NodeJS comes pre-packed with Grunt tool which you can easily use to create your own screen-shots hassle free. Let’s have a look of few steps to setup grunt tool and start churning out HTML:
First install NodeJS. You can download it from http://nodejs.org. Along with node also install Npm (node package manager). Mac and Windows users can access NodeJS with click and install applications. Ubuntu users can extract the tar.gz file and then install it from the command terminal. The latest Ubuntu users can also install using sudo apt-get install nodejs nodejs-dev npm command. It should be noted that Npm comes well-equipped with Grunt.
Open your command console and navigate to your project folder.
Run command (for installing Grunt tool globally): npm install -g grunt-cli
The same can be done by installing a local copy of Grunt. Its essential HTML-snapshot feature using the command npm install grunt-html-snapshot –save-dev
The next step is to create you own grunt JavaScript file Gruntfile.js. The JS file will have following code:
module.exports = function(grunt) {
grunt.loadNpmTasks('grunt-html-snapshot');
grunt.initConfig({
htmlSnapshot: {
all: {
options: {
snapshotPath: '/project/snapshots/',
sitePath: 'http://example.com/my-website/',
urls: ['#!/page1', '#!/page2', '#!/page3']

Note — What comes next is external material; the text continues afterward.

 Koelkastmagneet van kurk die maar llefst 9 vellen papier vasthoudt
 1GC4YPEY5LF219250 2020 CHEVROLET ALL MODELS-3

sanitize: function (requestUri) {
//returns 'index.html' if the url is '/', otherwise a prefix
if (/\/$/.test(requestUri)) {
return 'index.html';
} else {
return requestUri.replace(/\//g, 'prefix-');
}
},
//if you would rather not keep the script tags in the html snapshots
//set `removeScripts` to true. It's false by default
removeScripts: true,
}
}
}
});
grunt.registerTask('default', ['htmlSnapshot']);
};
Run the task using the command grunt htmlSnapshot.
F - Importance of Site Maps
Fine-tuning of site maps is also essential for having finer control over how search engine bots access your site. Whenever a search engine bot finds example.com/sitemap.xml, it follows the links given in the sitemap before blindly following all the links of the website. This is the best way if you want to index a page that is not linked to any other page.
For AJAX content, in order to get your search engine's indexes properly set up, it is advised to list all the pages/URLs that your app generates, even if your app is a single page app. Below is a sample sitemap:
<urlset xmlns="http://www.sitemaps.org/schemas/sitemap/0.9">
...
<url>
<loc>http://www.yourwebsite.com/#!/page1</loc>
<changefreq>daily</changefreq>
<priority>1.0</priority>
</url>
<url>
<loc>http://www.yourwebsite.com/#!/page2</loc>
<changefreq>daily</changefreq>
<priority>1.0</priority>
</url>
<url>
<loc>http://www.yourwebsite.com/#!/page3</loc>
<changefreq>daily</changefreq>
<priority>1.0</priority>
</url>
...
</urlset>
G - AngularJS Awesomeness
Now, you should be all set to go and experience the awesomeness of JS and its amazing features. This trend can only go upwards from here. With the concept of AJAX indexed content, you can nearlydo anything. Happy coding!